Stars: Meryl Streep, Kevin Kline, Rick Springfield, Mamie Gummer, Sebastian Stan, Nick Westrate, Audra McDonald, Hailey Gates, Bill Irwin

Director: Jonathan Demme

Entertaining LA bar customers for more years than she cares to remember, Ricki Rendazzo (Streep, with flowing hair one side and plaited dreadlocks the other) and her ageing group of rockers, apart from lead guitarist Greg (Springfield), a mere stripling of fifty-odd, storm through their latest act.

Drawn back to her former Indianapolis family by a call from her ex, Pete (Kline), Ricki, who works as a checkout lady and can barely raise the airfare, finds that her daughter Julie (Gummer, Streep's real-life daughter) has tried to kill herself after her new husband left her.

Ricki (or Linda to her family) endures a predictably prickly relationship with Pete, whose current wife Maureen (McDonald) is away with her dying father, but she does go some way to sorting her daughter out. After some flirtation with Pete, whose cannabis Ricki shares, Maureen returns unexpectedly and makes it clear that Ricki is wanted neither at the house nor at her younger son's forthcoming wedding.

Although this is more or less a vanity project for Streep, and is uncertainly directed by the veteran Demme, the film has some nice scenes (Diablo Cody's script certainly has its highs and lows), and just about keeps you on its side.

We all know Streep can sing, though I'm not sure she's attempted rock music before, But, of course, being Meryl, she's good at it, and even her guitar work looks authentic.

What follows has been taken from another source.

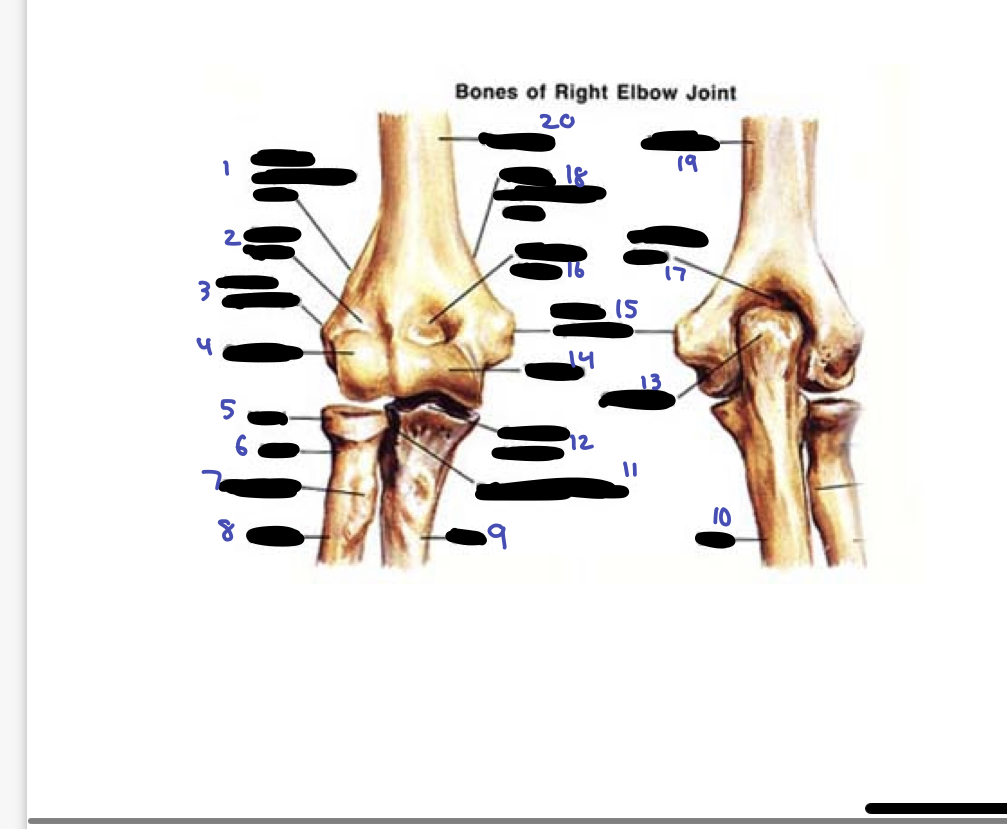 <ol><li><p>lateral supracondylar crest</p></li><li><p>radial fossa</p></li><li><p>lateral epicondyle</p></li><li><p>capitulum</p></li><li><p>head</p></li><li><p>neck</p></li><li><p>tuberosity</p></li><li><p>radius</p></li><li><p>ulna</p></li><li><p>ulna</p></li><li><p>radial notch of ulna</p></li><li><p>coronoid process</p></li><li><p>olecranon</p></li><li><p>trochlea</p></li><li><p>medial epicondyle</p></li><li><p>coronoid fossa</p></li><li><p>olecranon fossa</p></li><li><p>medial supracondylar crest</p></li><li><p>humerus</p></li><li><p>humerus</p></li></ol>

All in all, this might not be a particularly good film - and, okay, the ending is a bit cheesy - but it (and Streep) will give you a pretty good time if you let it. Definitely in the 'guilty pleasure' class.

David Quinlan

USA 2015. UK Distributor: Sony (Tri-Star). Colour (unspecified).
102 minutes. Widescreen. UK certificate: 12A.

Guidance ratings (out of 3): Sex/nudity 0, Violence/Horror 0, Drugs 1, Swearing 0.